4. Weil nun die Tyrannei des Papstes abgetan ist, so wollen sie nicht mehr zum Sakrament gehen und verachten es. Hier ist es nötig zu treiben, doch mit folgendem Verständnis: Wir sollen niemanden zum Glauben oder zum Sakrament zwingen, auch kein Gesetz, noch Zeit, noch Stätte bestimmen. Aber wir wollen so predigen, dass sie sich selbst, ohne unser Gesetz, drängen und geradezu uns Pfarrer zwingen, ihnen das Sakrament zu reichen. Das tut man, indem man ihnen sagt: Wer das Sakrament nicht sucht oder begehrt wenigstens etwa viermal im Jahr, bei dem ist zu befürchten, dass er das Sakrament verachtet und kein Christ ist. Genauso wie der kein Christ ist, der das Evangelium nicht glaubt oder nicht hört. Denn Christus spricht nicht: Solches lasset! oder: Solches verachtet!, sondern: »Solches tut«, spricht er.

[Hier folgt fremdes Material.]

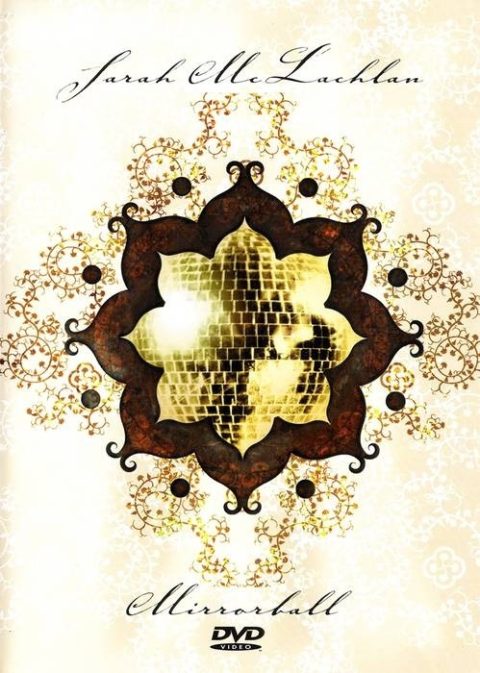 [USADO] Sarah McLachlan: Mirrorball DVD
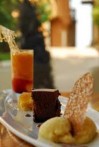 RESTORAN LE MANDRAĆ, OPATIJA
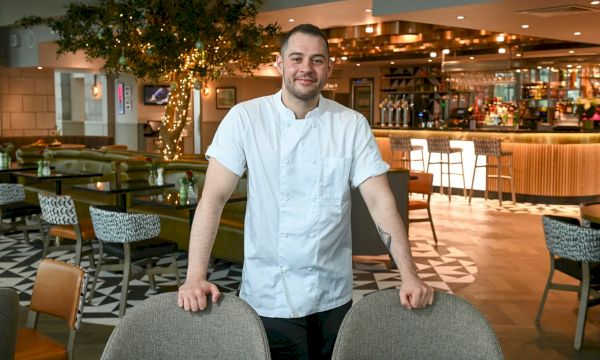 meet-russell-jones,-the-chef-behind-the-terrace-at-hmt-aberdeen-–-the-press-&-journal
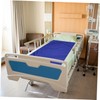FRCOLOR Practical Sliding Draw Sheet Sliding Pad for Elderly Bed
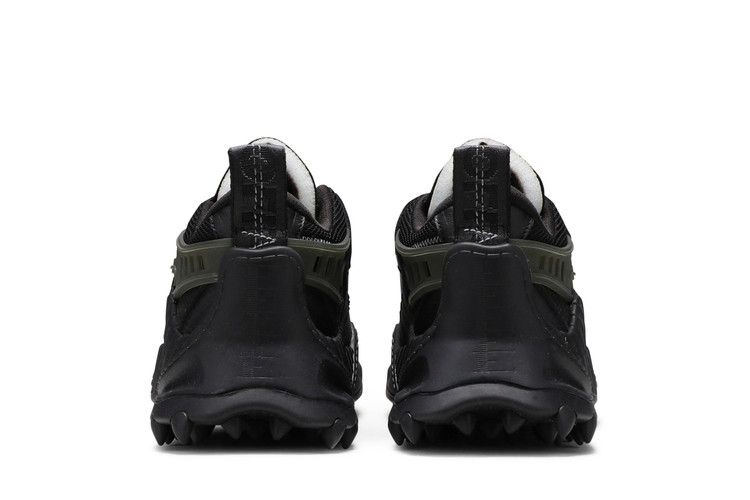 Кроссовки Off-White Wmns ODSY-1000 'Black Grey'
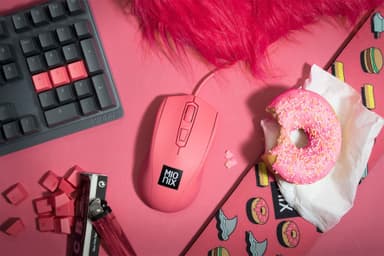 Mionix Avior gamingmus (frosting)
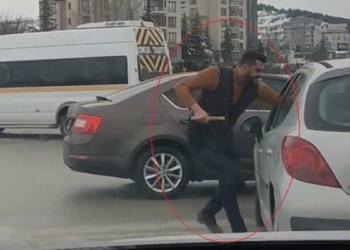 Çekiçli saldırgana 34 yıla kadar hapis talebi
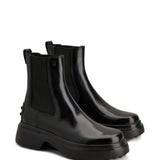 Tod's Leather boots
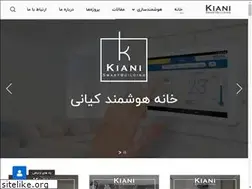 Sites similar to kianismart.com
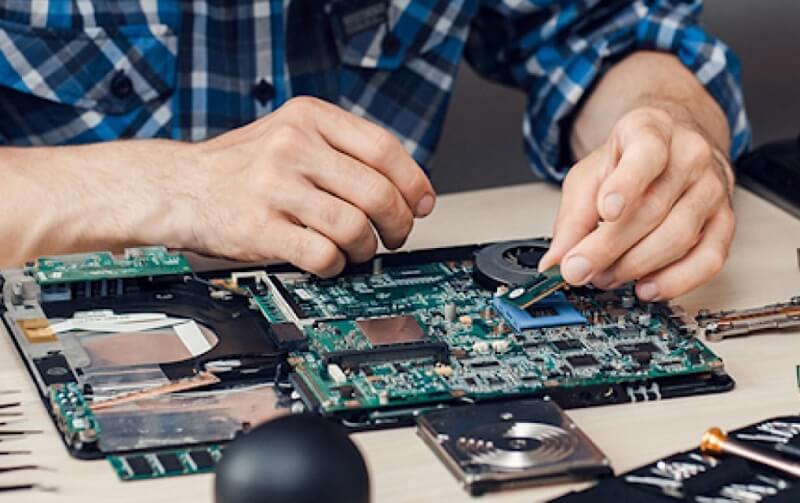 Hardware or Software? How to Tell What’s Wrong with Your Device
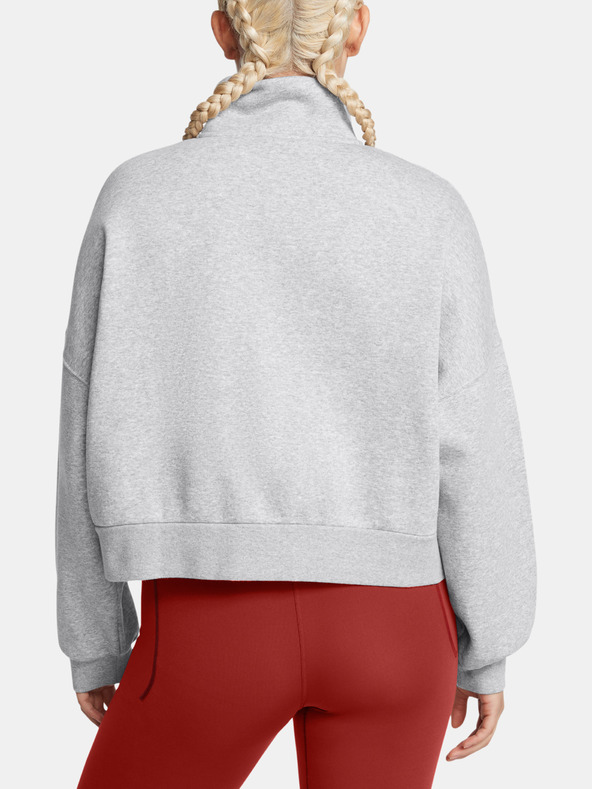 Under Armour Dámská mikina Under Armour UA Icon Fleece OS HZ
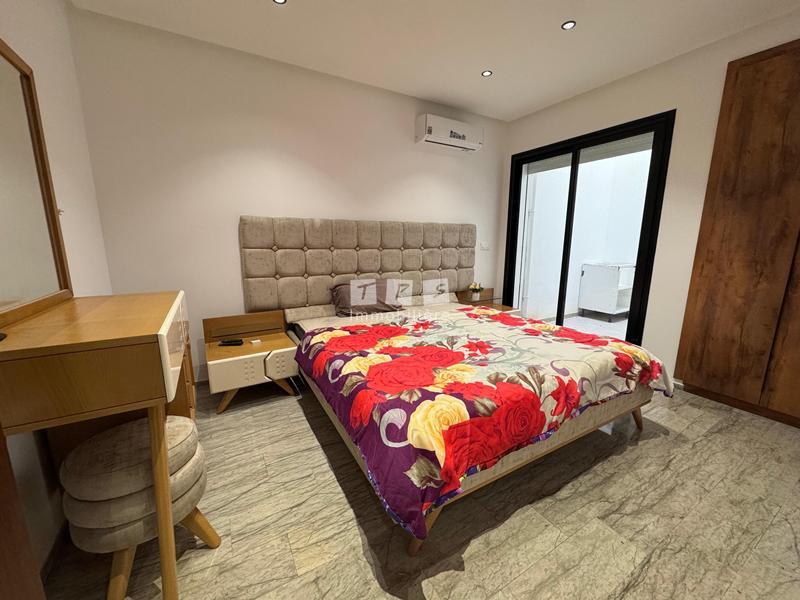 vente villa Tunisie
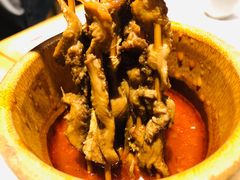 洛阳涮牛肚-掌柜的店·河南菜(新天地店)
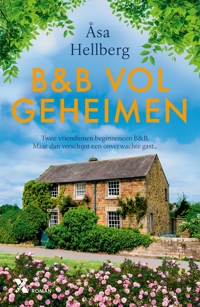 B&B VOL GEHEIMEN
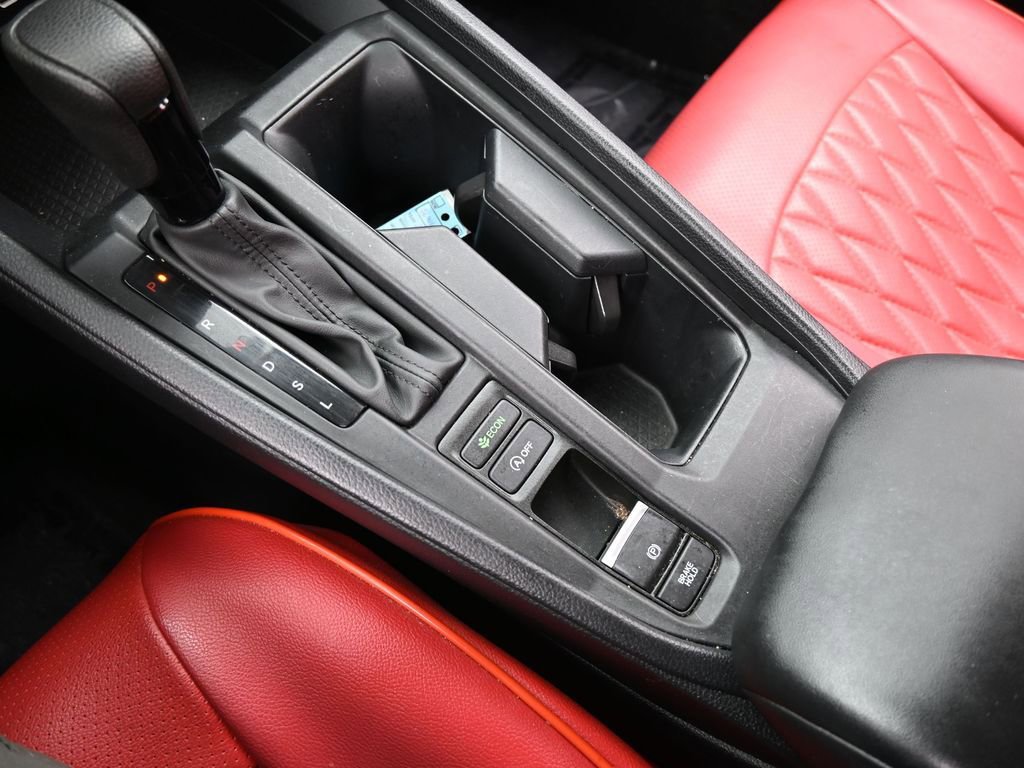 Used 2024 Honda Accord EX image 30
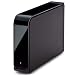 Buffalo Technology DriveStation Axis 3 TB USB 2.0 Desktop External Hard Drive with Buffalo Tools and
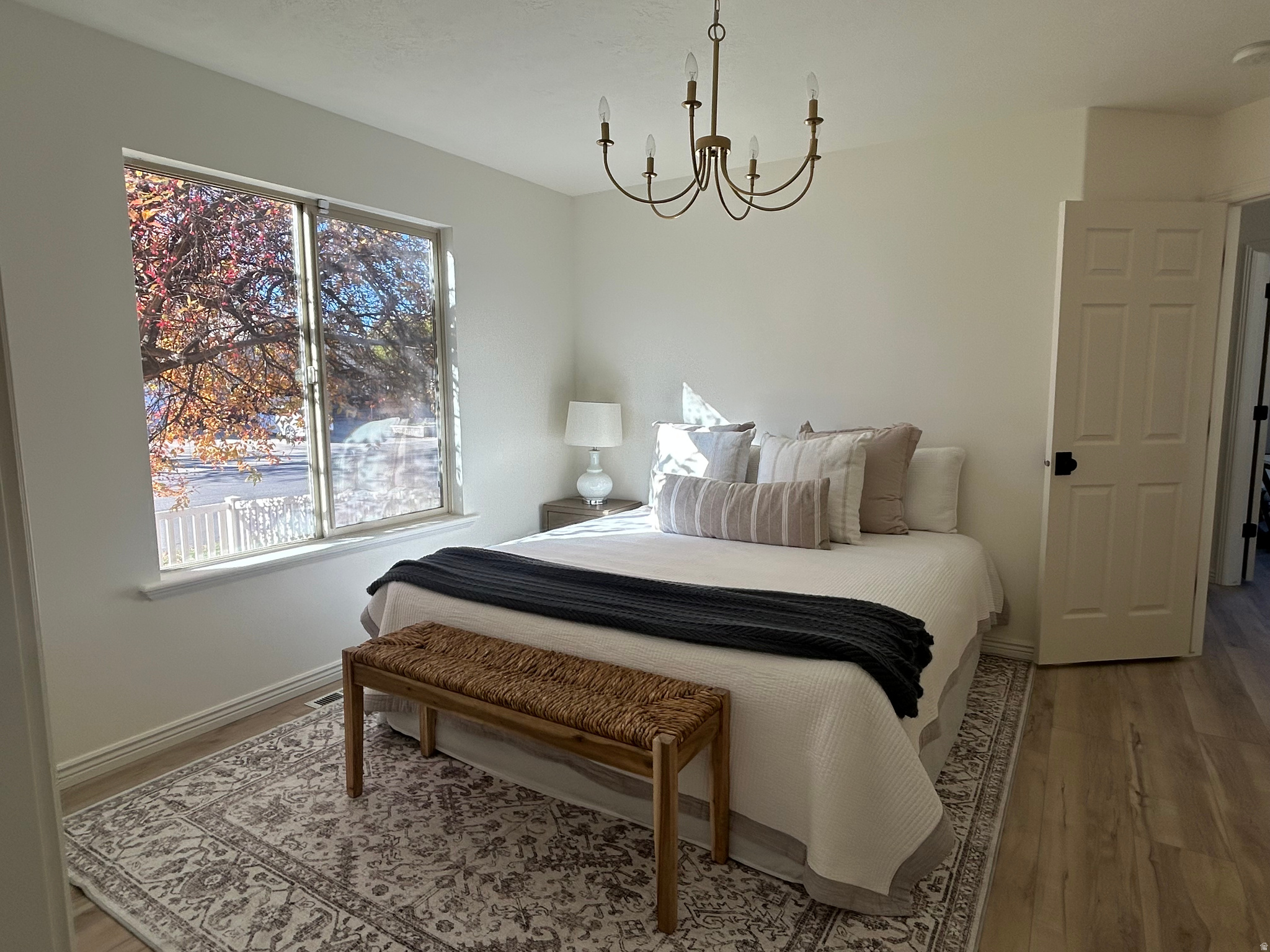 MAPLE MEADOWS - Residential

Wenn aber jemand das Sakrament nicht hoch achtet, dann ist das ein Zeichen dafür, dass er keine Sünde, kein Fleisch, keinen Teufel, keine Welt, keinen Tod, keine Gefahr, keine Hölle kennt. Das heißt: Er glaubt keines davon, obwohl er bis über die Ohren darin steckt und zweifach dem Teufel verfallen ist. Andererseits bedarf er auch keiner Gnade, keines Lebens, Paradieses, Himmelreiches, Christus, Gottes, noch irgendetwas Guten. Denn wenn er glaubte, dass er so viel Böses an sich hätte und so viel Gutes nötig hätte, so würde er das Sakrament nicht so ungebraucht lassen, in dem solchem Übel abgeholfen und so viel Gutes gegeben wird. Man brauchte ihn auch mit keinem Gesetz zum Sakrament zu zwingen, sondern er würde selber gelaufen und gerannt kommen, sich selbst zwingen und dich treiben, dass du ihm das Sakrament geben müsstest.

Darum darfst du hier kein Gesetz aufstellen wie der Papst. Stelle gründlich heraus den Nutzen und Schaden, die Notwendigkeit und den Zweck, die Gefahr und das Heil in diesem Sakrament, dann werden sie gewiss selbst kommen ohne dein Zwingen. Kommen sie aber nicht, so lass sie gehen und sage ihnen, dass sie des Teufels sind, da sie ihre große Not und Gottes gnädige Hilfe nicht achten noch fühlen. Wenn du aber solches nicht treibst oder machst ein Gesetz oder Gift daraus, so ist es deine Schuld, dass sie das Sakrament verachten. Wie sollten sie auch nicht faul sein, wenn du schläfst oder schweigst?

Darum sieh darauf, Pfarrer und Prediger, unser Amt ist nun anders geworden, als es unter dem Papst war. Es ist jetzt ernst und heilsam geworden. Darum bringt es nun viel mehr Mühe und Arbeit, Gefahr und Anfechtung, dazu wenig Lohn und Dank in der Welt. Christus aber will selbst unser Lohn sein, wenn wir in Treue arbeiten. Dazu helfe uns der Vater aller Gnade! Dem sei Lob und Dank in Ewigkeit durch Christus, unsern Herrn. Amen.